= RECORDS PROVIDED =
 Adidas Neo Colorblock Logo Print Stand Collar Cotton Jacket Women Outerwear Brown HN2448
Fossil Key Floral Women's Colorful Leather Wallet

==

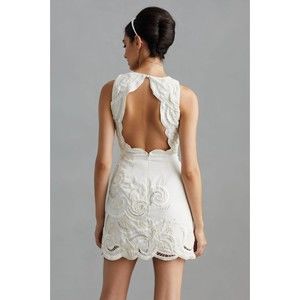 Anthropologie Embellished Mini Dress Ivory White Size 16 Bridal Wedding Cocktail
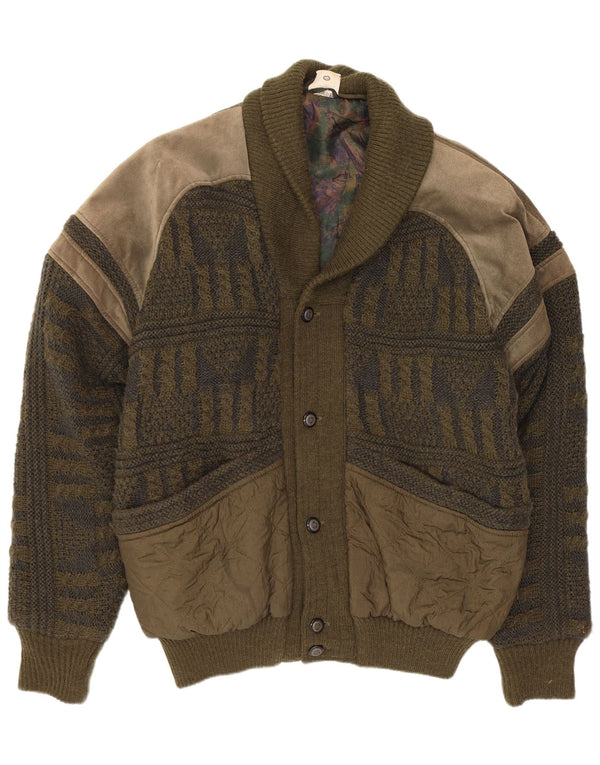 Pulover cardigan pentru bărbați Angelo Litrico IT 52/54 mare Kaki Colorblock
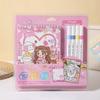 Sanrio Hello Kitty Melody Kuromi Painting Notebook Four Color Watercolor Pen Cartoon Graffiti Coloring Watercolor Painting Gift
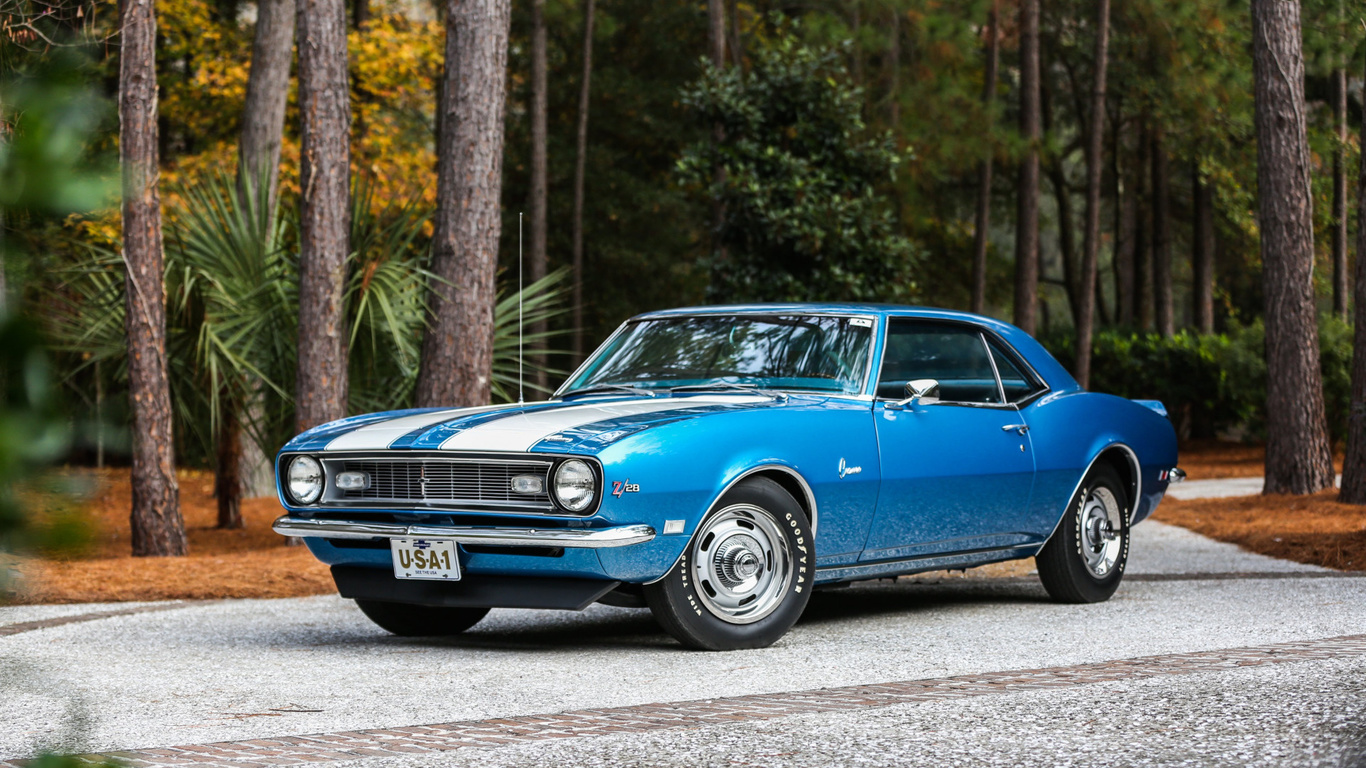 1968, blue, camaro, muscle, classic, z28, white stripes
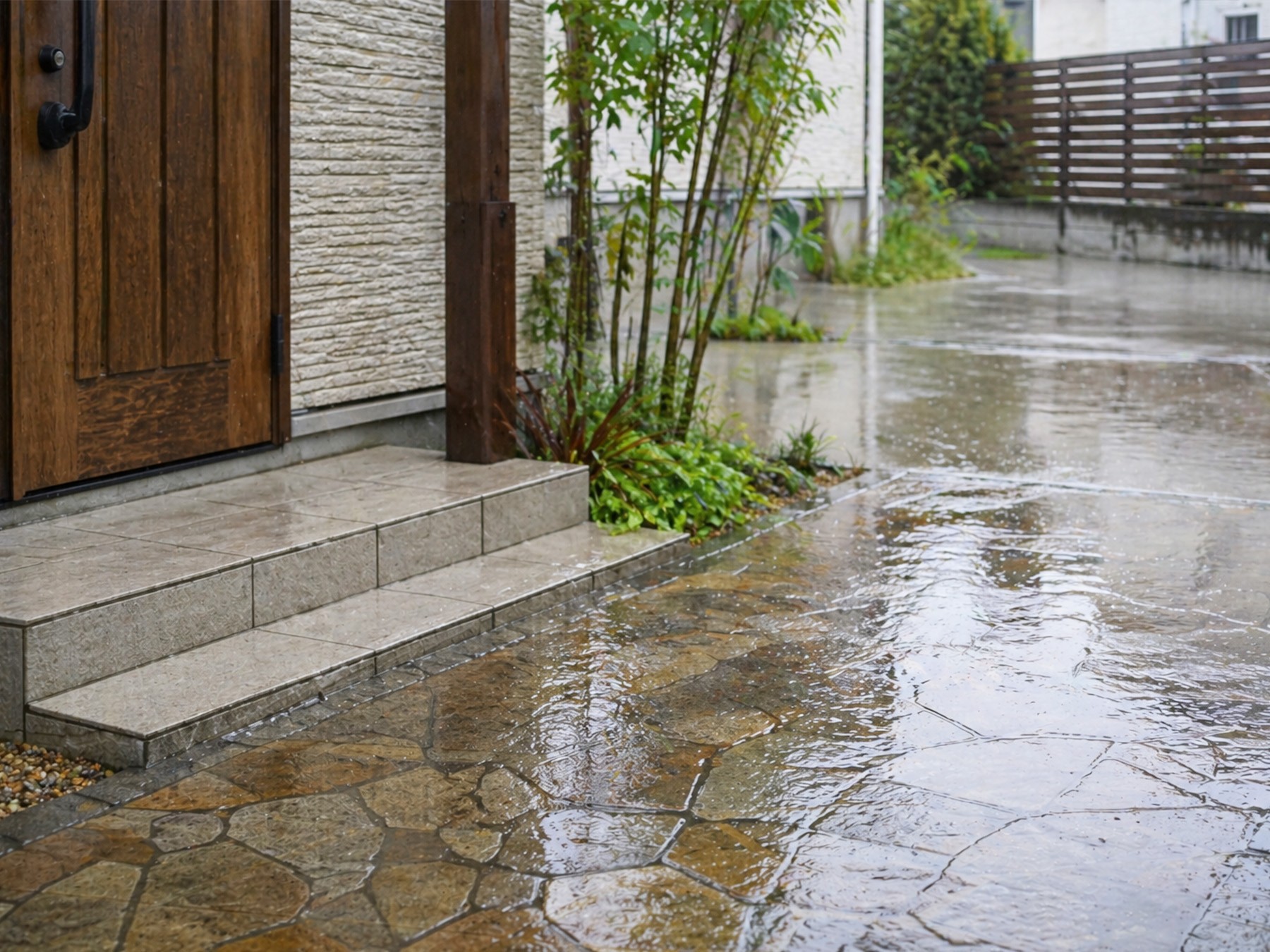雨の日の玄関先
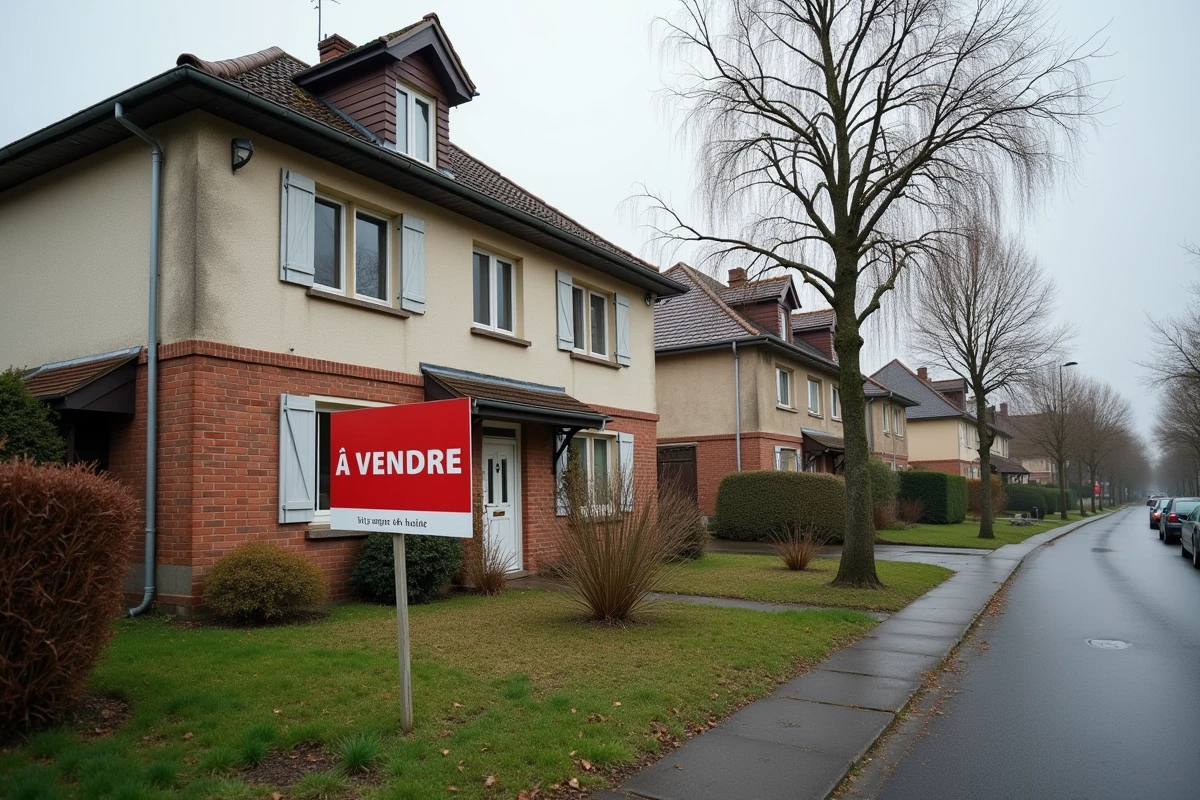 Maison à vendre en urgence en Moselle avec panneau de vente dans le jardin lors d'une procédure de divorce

= THE PROBLEM =
Look at the records above. Copy every line where the string "Women" occurs.

= ANSWER SPACE =
 Adidas Neo Colorblock Logo Print Stand Collar Cotton Jacket Women Outerwear Brown HN2448
Fossil Key Floral Women's Colorful Leather Wallet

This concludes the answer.